Your answer must be an exact repeat of the lines from the one containing "307 - Two Victorian iron agricultural wheels" through the last line of the records, both included, with no pictures.

* Given information:
Segment Open

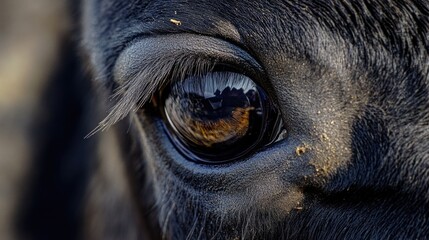 Poster - A close-up shot of a horse's eye with a detailed expression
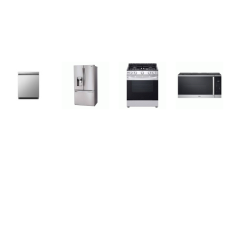LG 4 STAINLESS : Gas Slide-in Range Oven, 1.8CF OTR MW, Front Control Dishwasher 50dBA, 28CF French Door Refrigerator EXT WD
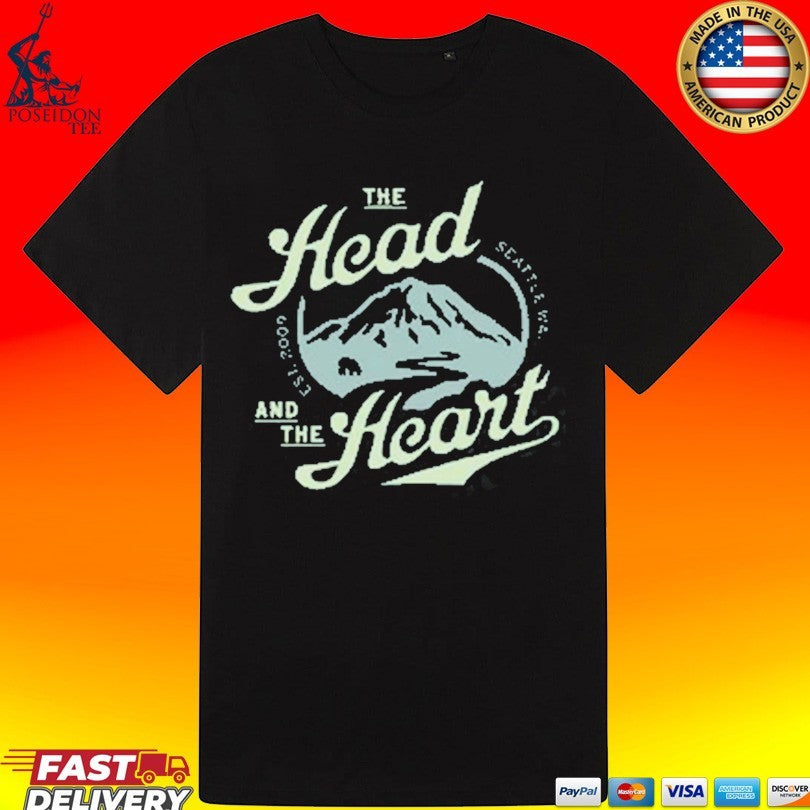 The Head In The Heart Seattle WA Est 2009 Mountain Logo T-shirt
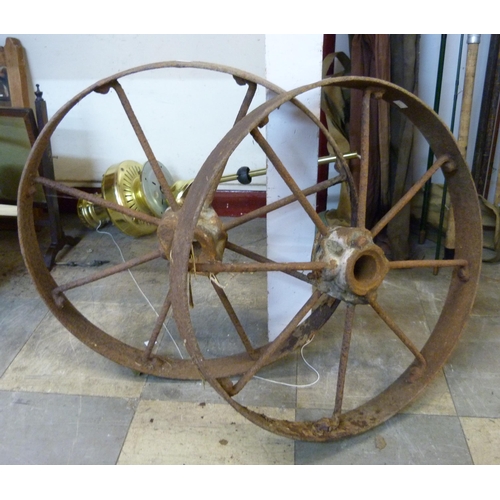 307 - Two Victorian iron agricultural wheels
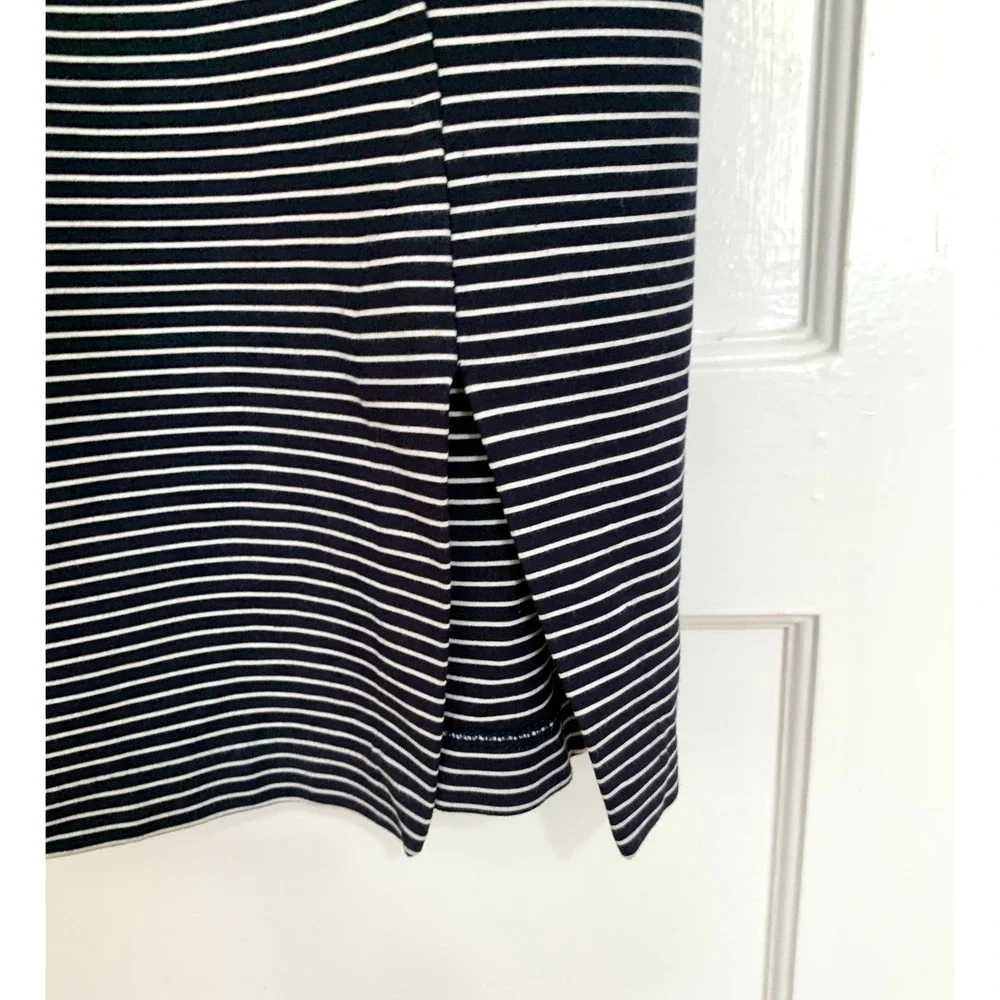 Banana Republic Sleeveless Ponte Sheath Dress Navy White Stripe Career Size 6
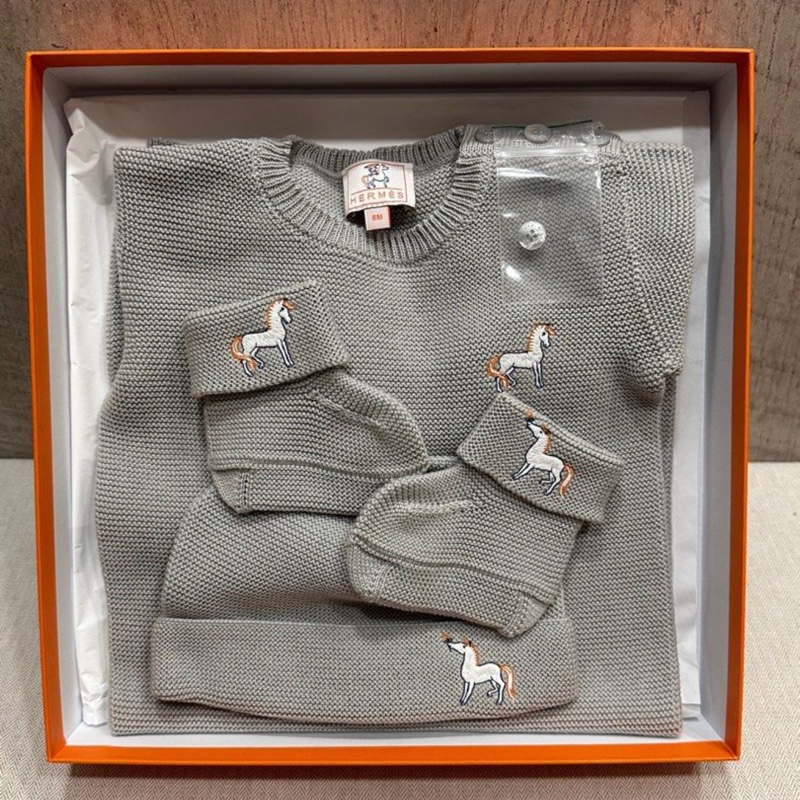Hermes Unisex 因男女嬰可著 Baby 6M 禮盒套裝 灰色-1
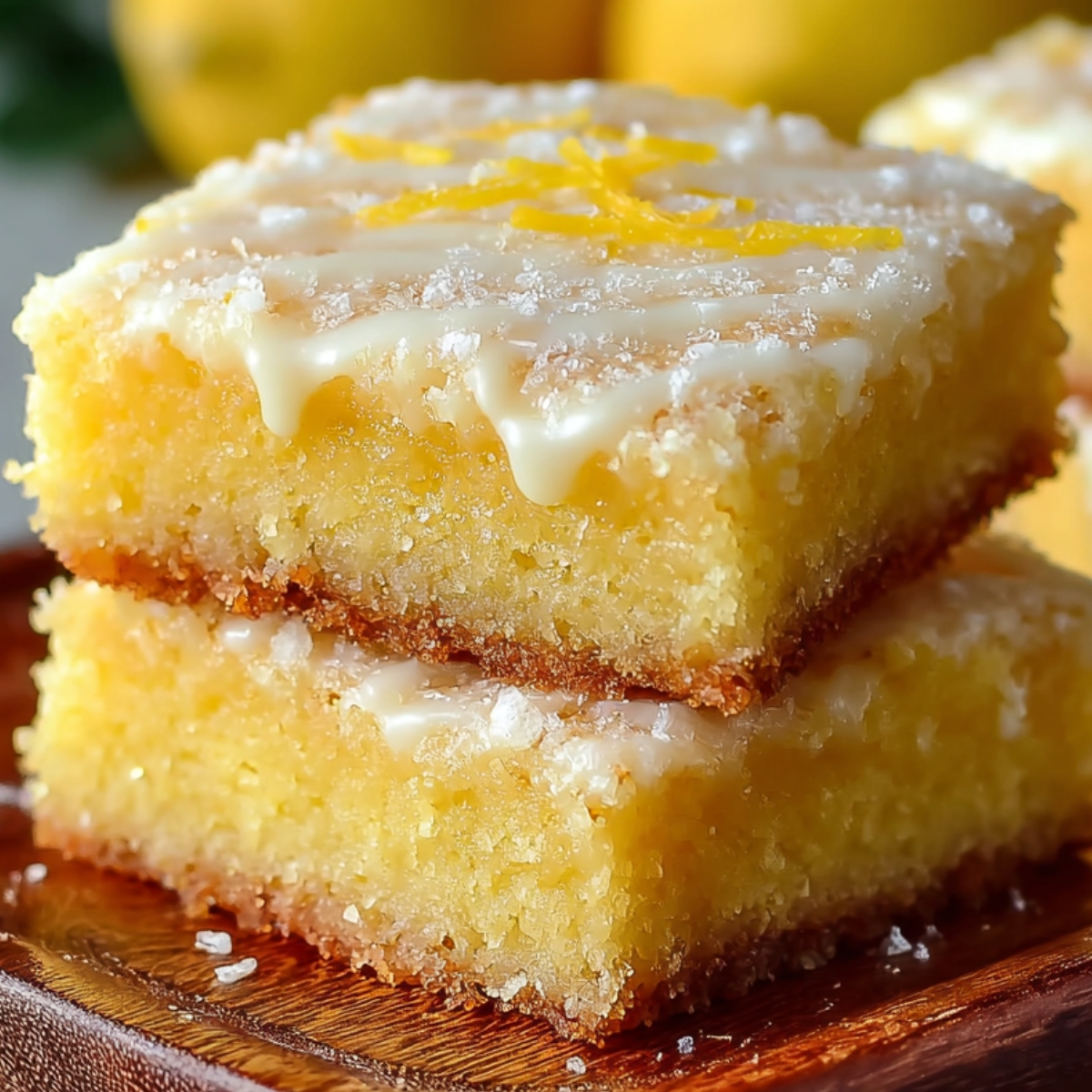 Two lemon brownies stacked on a wooden board, topped with glaze and sprinkled with lemon zest, with whole lemons in the background.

Segment Closed

* Result for this exercise:
 307 - Two Victorian iron agricultural wheels
 Banana Republic Sleeveless Ponte Sheath Dress Navy White Stripe Career Size 6
Hermes Unisex 因男女嬰可著 Baby 6M 禮盒套裝 灰色-1
 Two lemon brownies stacked on a wooden board, topped with glaze and sprinkled with lemon zest, with whole lemons in the background.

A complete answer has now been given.